Neuroborreliose oder Borrelien-Neurose?

PD Dr. med. habil. Tobias Rupprecht

29.7.2021

Eine Neuroborreliose wird viel häufiger vermutet, als sie tatsächlich vorliegt. Teilweise führt dies zu verlängerten, nicht indizierten Antibiotikatherapien mit entsprechenden Nebenwirkungen. Nicht selten wird auch die eigentliche Ursache der Beschwerden übersehen. Dieser Artikel soll Klarheit schaffen und Empfehlungen zu Diagnostik und Therapie geben.

Die Lyme-Borreliose ist die häufigste Zecken-übertragene Erkrankung auf der nördlichen Halbkugel. Sie wird verursacht durch den Stich einer mit Borrelia burgdorferi infizierten Zecke. Die Prävalenz von Borrelien in einer Zecke beträgt nach einer aktuellen Studie im Mittel etwa 20 %. Dabei schwankt die Prävalenz jedoch nicht nur von Jahr zu Jahr, es finden sich auch starke regionale Unterschiede. Während die jährliche Inzidenz der Lyme-Borreliose im Zeitraum 2013–2017 in der Region Schwerin bei 138 von 100.000 lag, wurden im gleichen Zeitraum in Kaufbeuren nur 0,5 Fälle pro 100.000 Einwohner gemeldet. Geschätzt führt nur etwa jeder fünfzigste Stich zu einer klinisch manifesten Borreliose. Daher kann auch eine generelle medikamentöse Prophylaxe nicht empfohlen werden, da die vorsorgliche Einnahme eines Antibiotikums in fast 98 % der Fälle nicht notwendig wäre. Als wichtigste Maßnahmen zur Prophylaxe bleiben der Expositionsschutz (lange Kleidung, Repellents) und das Absuchen des Körpers auf Zecken nach Aufenthalt in der Natur.

Echte Neuroborreliose ist sehr selten

Die häufigste Manifestation einer Lyme-Borreliose ist die Wanderröte (Erythema migrans) mit 90–95 % der Fälle – ein typisches Bild einer Wanderröte findet sich in der Abbildung links.
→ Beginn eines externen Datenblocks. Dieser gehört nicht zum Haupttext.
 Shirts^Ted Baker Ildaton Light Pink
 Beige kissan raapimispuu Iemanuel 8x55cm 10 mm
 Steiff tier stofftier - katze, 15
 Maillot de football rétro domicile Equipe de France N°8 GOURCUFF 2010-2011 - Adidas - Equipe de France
Die Lyme-Neuroborreliose (LNB) ist dagegen wesentlich seltener mit unter 3 %. Die LNB wird – abhängig von der Krankheitsdauer – unterschieden in die frühe (< 6 Monate) und späte (> 6 Monate) LNB. Die späte LNB ist sehr selten, in über 95 % der Fälle handelt es sich um die frühe Manifestationsform.
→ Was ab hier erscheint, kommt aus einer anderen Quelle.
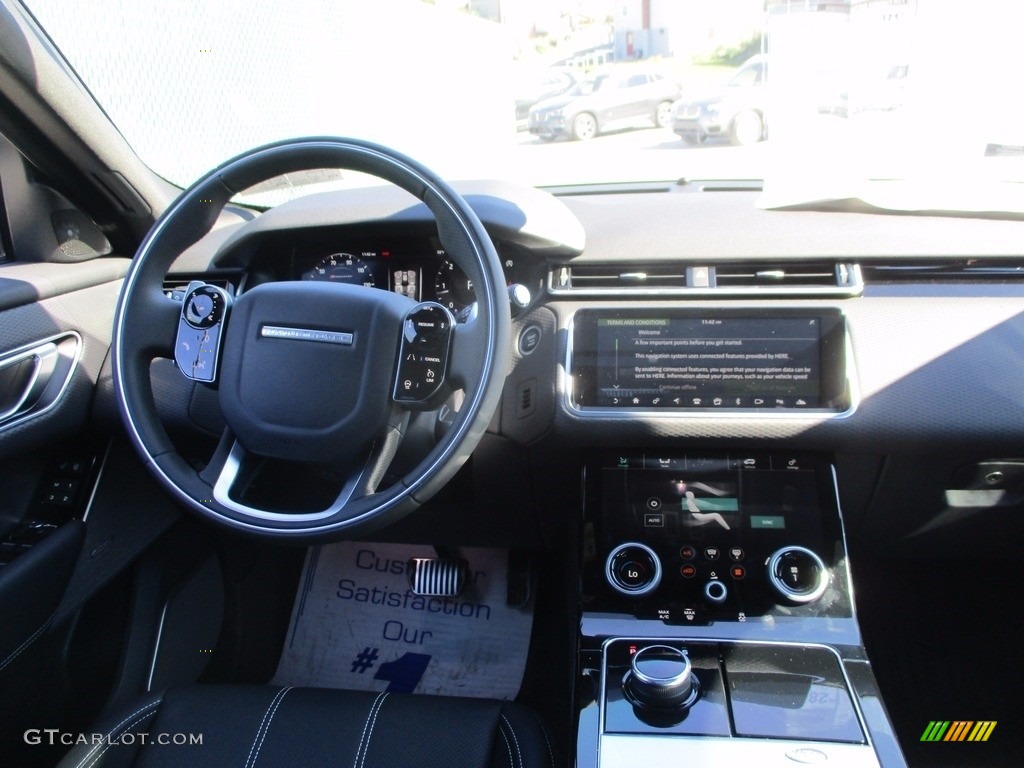 2018 Range Rover Velar R Dynamic SE - Fuji White / Ebony photo #14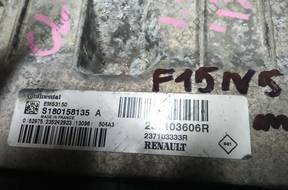 БЛОК УПРАВЛЕНИЯ RENAULT EMS3150 S180158135 A 237103606 год,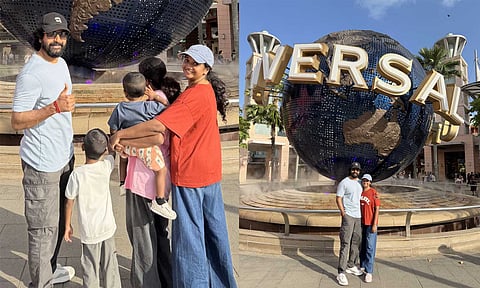 Actor Sivakarthikeyan visits Singapore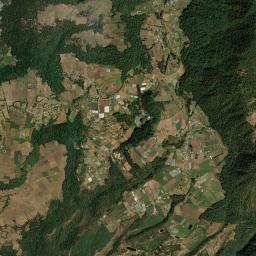 Valle de Bravo, MEX locator map
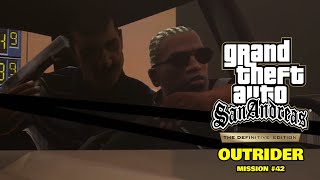 "Outrider"  Mission #42 • GTA San Andreas The Definitive Edition Gameplay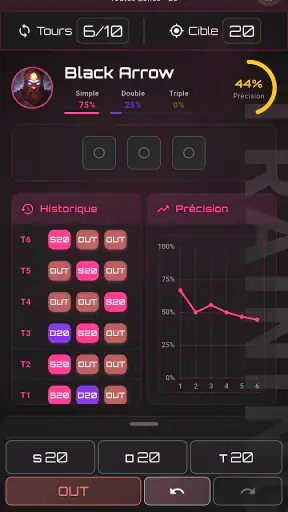 Easy Darts Scorer screenshot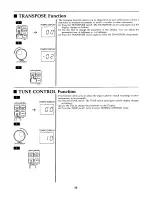 Предварительный просмотр 11 страницы Kawai XR300 Owner'S Manual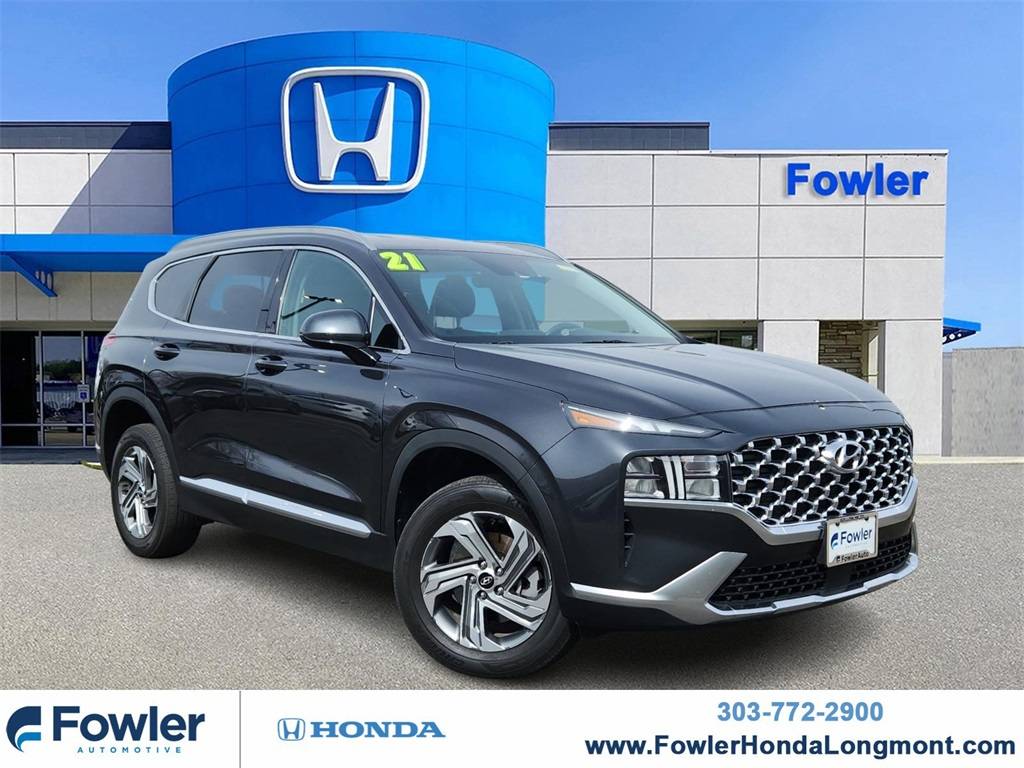 2021 Hyundai Santa Fe SEL — SUV — 37,533 mi — Longmont, CO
Die diagnostische Vermutung einer späten LNB (auch häufig als „chronische Borreliose“ fehlbezeichnet, was suggeriert, dass die Borrelien nicht zuverlässig abgetötet werden können, was jedoch nicht wissenschaftlich fundiert ist) ist dagegen viel häufiger, als sie gerechtfertigt wäre. Oft werden unspezifische Symptome einer persistierenden Borrelieninfektion zugeschrieben, ohne dass eine belastbare Diagnostik dies nachweisen kann. Unterstützt wird dies meist durch eine Flut unseriöser und nicht wissenschaftlich belegter Informationen aus dem Internet. Eine Studie der Universität Göttingen konnte in über 100 zugesandten Fällen mit vermuteter chronischer Borreliose diese trotz ausführlicher Diagnostik in keinem Fall bestätigen. Eine tatsächliche späte LNB mit einer spastisch-ataktischen Gangstörung als Folge einer (Enzephalo-)Myelitis ist glücklicherweise sehr selten und durch eine Liquoranalyse eindeutig nachzuweisen.
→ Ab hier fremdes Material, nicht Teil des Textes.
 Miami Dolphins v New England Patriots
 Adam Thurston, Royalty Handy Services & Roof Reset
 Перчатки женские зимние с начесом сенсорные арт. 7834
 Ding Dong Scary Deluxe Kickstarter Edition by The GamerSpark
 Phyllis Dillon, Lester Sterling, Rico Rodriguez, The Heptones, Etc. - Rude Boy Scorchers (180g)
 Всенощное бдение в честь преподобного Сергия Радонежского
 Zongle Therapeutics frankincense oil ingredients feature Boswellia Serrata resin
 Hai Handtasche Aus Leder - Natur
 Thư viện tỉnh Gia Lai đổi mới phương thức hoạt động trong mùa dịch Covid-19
Differenzialdiagnostik und Symptome

Die häufigste klinische Symptomatik der frühen LNB ist das Bannwarth-Syndrom mit typischerweise nächtlich betonten, pseudoradikulären Schmerzen. Dabei fällt die rein klinische Unterscheidung zu anderen Ursachen, beispielsweise dem Nucleus pulposus prolaps (NPP) oder dem Herpes zoster, oft schwer (s. Tab.). Die Wahrscheinlichkeit einer LNB ist höher, wenn zuvor eine Wanderröte beobachtet wurde. Allerdings erinnert sich der überwiegende Teil der Patienten mit einer LNB nicht an einen vorangegangenen Zeckenstich. Dies ist auch damit begründet, dass die verschiedenen Borrelien-Spezies einen unterschiedlichen Organotropismus aufweisen. So ist bei LNB am häufigsten eine Infektion mit Borrelia bavariensis zu beobachten. Dabei ist zu vermuten, dass sich dieser Erreger entlang der Nerven in das zentrale Nervensystem (ZNS) zu den Rückenmarkswurzeln ausbreitet, teilweise ohne zu einer sichtbaren Hautveränderung zu führen.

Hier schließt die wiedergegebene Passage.